## Exercise details
Reproduce the records below exactly, but only between the lines holding "DIM Coton Stretch BoxerPant" and "Msi PRO AP272P", inclusive.

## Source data
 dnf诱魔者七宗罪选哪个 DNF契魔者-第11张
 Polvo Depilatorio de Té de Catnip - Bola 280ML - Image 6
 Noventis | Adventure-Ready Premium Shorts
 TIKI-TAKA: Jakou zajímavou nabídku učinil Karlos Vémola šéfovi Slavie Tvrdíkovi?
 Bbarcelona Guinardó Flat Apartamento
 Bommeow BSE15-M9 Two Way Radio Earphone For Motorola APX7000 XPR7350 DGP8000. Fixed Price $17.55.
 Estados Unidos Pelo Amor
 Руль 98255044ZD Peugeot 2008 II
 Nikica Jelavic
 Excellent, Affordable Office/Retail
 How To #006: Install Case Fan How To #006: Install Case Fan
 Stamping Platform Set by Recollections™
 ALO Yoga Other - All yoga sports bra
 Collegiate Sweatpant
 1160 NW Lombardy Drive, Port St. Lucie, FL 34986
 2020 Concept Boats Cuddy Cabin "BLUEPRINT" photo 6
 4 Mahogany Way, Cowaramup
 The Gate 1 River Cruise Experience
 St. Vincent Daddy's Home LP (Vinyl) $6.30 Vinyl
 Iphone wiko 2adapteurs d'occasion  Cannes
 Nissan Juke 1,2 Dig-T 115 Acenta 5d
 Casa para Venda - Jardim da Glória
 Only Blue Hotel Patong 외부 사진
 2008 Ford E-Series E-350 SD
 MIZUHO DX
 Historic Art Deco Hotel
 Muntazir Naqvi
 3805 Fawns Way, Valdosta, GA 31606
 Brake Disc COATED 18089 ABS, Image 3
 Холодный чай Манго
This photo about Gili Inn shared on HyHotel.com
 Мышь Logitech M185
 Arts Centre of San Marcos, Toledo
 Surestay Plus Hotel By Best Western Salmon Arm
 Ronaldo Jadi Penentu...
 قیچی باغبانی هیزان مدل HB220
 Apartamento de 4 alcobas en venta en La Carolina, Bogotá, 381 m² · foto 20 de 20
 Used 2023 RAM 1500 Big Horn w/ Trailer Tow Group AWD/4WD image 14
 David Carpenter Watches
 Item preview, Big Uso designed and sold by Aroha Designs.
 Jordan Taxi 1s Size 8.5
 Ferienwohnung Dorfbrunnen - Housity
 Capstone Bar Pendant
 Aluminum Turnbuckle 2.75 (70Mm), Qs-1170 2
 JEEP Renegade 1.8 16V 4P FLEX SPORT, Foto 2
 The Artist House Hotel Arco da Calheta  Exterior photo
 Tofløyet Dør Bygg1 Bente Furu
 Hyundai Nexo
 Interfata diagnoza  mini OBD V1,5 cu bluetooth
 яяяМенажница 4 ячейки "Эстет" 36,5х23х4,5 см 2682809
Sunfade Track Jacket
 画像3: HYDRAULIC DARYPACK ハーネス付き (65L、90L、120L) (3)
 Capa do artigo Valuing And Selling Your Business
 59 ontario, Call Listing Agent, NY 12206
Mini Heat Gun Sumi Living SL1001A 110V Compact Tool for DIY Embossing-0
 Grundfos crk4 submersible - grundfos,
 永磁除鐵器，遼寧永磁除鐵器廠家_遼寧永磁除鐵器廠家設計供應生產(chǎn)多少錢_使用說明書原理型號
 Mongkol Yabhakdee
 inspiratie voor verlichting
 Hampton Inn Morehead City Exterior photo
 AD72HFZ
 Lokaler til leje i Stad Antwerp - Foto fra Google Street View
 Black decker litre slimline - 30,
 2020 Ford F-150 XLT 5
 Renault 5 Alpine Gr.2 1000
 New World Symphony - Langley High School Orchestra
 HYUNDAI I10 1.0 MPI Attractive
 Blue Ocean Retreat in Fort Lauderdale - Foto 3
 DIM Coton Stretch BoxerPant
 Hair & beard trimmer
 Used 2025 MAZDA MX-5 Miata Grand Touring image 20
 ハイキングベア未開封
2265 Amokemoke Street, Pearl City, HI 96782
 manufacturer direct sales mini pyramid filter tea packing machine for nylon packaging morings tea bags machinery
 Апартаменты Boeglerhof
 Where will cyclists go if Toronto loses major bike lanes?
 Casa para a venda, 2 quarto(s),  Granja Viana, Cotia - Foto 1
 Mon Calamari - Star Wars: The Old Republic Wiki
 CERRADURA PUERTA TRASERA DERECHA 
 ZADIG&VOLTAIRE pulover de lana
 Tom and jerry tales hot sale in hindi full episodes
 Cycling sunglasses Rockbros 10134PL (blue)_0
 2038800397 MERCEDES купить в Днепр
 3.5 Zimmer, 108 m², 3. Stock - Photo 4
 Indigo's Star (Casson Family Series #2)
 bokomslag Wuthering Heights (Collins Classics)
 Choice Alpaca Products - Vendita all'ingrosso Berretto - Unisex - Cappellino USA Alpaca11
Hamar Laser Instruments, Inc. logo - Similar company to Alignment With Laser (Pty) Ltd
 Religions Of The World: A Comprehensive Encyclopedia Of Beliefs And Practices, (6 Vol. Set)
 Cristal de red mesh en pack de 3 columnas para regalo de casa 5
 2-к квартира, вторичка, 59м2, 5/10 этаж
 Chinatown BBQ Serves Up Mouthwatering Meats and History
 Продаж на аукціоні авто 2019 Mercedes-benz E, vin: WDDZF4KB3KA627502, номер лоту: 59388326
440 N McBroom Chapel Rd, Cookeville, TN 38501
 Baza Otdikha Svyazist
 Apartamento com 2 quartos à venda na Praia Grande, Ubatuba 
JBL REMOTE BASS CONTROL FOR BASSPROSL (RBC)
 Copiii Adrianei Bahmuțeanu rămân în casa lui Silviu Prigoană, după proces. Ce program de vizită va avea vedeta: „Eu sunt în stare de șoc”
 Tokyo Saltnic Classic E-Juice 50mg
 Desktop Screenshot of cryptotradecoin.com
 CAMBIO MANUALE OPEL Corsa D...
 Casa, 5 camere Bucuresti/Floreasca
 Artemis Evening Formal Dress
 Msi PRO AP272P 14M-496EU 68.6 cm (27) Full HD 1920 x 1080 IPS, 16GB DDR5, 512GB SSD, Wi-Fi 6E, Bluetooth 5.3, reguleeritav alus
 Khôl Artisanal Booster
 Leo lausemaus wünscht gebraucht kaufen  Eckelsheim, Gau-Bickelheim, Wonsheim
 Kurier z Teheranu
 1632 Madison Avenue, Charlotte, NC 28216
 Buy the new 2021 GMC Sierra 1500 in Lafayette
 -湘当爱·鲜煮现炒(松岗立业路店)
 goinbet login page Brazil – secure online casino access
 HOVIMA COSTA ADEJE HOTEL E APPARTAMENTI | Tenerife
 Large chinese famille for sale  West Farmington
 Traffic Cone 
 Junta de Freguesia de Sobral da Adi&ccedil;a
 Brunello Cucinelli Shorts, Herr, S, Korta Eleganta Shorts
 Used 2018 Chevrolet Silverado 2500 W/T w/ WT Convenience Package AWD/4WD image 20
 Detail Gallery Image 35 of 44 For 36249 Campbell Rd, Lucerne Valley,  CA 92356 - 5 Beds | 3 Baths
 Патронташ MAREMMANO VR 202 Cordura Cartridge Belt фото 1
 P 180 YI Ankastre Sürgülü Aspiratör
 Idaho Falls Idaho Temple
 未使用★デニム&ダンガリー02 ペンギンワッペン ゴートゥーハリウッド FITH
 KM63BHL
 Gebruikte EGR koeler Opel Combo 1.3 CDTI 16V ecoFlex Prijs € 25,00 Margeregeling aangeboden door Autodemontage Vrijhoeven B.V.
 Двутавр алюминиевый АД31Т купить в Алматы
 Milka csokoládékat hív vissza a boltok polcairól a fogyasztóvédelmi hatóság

## Answer box
 DIM Coton Stretch BoxerPant
 Hair & beard trimmer
 Used 2025 MAZDA MX-5 Miata Grand Touring image 20
 ハイキングベア未開封
2265 Amokemoke Street, Pearl City, HI 96782
 manufacturer direct sales mini pyramid filter tea packing machine for nylon packaging morings tea bags machinery
 Апартаменты Boeglerhof
 Where will cyclists go if Toronto loses major bike lanes?
 Casa para a venda, 2 quarto(s),  Granja Viana, Cotia - Foto 1
 Mon Calamari - Star Wars: The Old Republic Wiki
 CERRADURA PUERTA TRASERA DERECHA 
 ZADIG&VOLTAIRE pulover de lana
 Tom and jerry tales hot sale in hindi full episodes
 Cycling sunglasses Rockbros 10134PL (blue)_0
 2038800397 MERCEDES купить в Днепр
 3.5 Zimmer, 108 m², 3. Stock - Photo 4
 Indigo's Star (Casson Family Series #2)
 bokomslag Wuthering Heights (Collins Classics)
 Choice Alpaca Products - Vendita all'ingrosso Berretto - Unisex - Cappellino USA Alpaca11
Hamar Laser Instruments, Inc. logo - Similar company to Alignment With Laser (Pty) Ltd
 Religions Of The World: A Comprehensive Encyclopedia Of Beliefs And Practices, (6 Vol. Set)
 Cristal de red mesh en pack de 3 columnas para regalo de casa 5
 2-к квартира, вторичка, 59м2, 5/10 этаж
 Chinatown BBQ Serves Up Mouthwatering Meats and History
 Продаж на аукціоні авто 2019 Mercedes-benz E, vin: WDDZF4KB3KA627502, номер лоту: 59388326
440 N McBroom Chapel Rd, Cookeville, TN 38501
 Baza Otdikha Svyazist
 Apartamento com 2 quartos à venda na Praia Grande, Ubatuba 
JBL REMOTE BASS CONTROL FOR BASSPROSL (RBC)
 Copiii Adrianei Bahmuțeanu rămân în casa lui Silviu Prigoană, după proces. Ce program de vizită va avea vedeta: „Eu sunt în stare de șoc”
 Tokyo Saltnic Classic E-Juice 50mg
 Desktop Screenshot of cryptotradecoin.com
 CAMBIO MANUALE OPEL Corsa D...
 Casa, 5 camere Bucuresti/Floreasca
 Artemis Evening Formal Dress
 Msi PRO AP272P 14M-496EU 68.6 cm (27) Full HD 1920 x 1080 IPS, 16GB DDR5, 512GB SSD, Wi-Fi 6E, Bluetooth 5.3, reguleeritav alus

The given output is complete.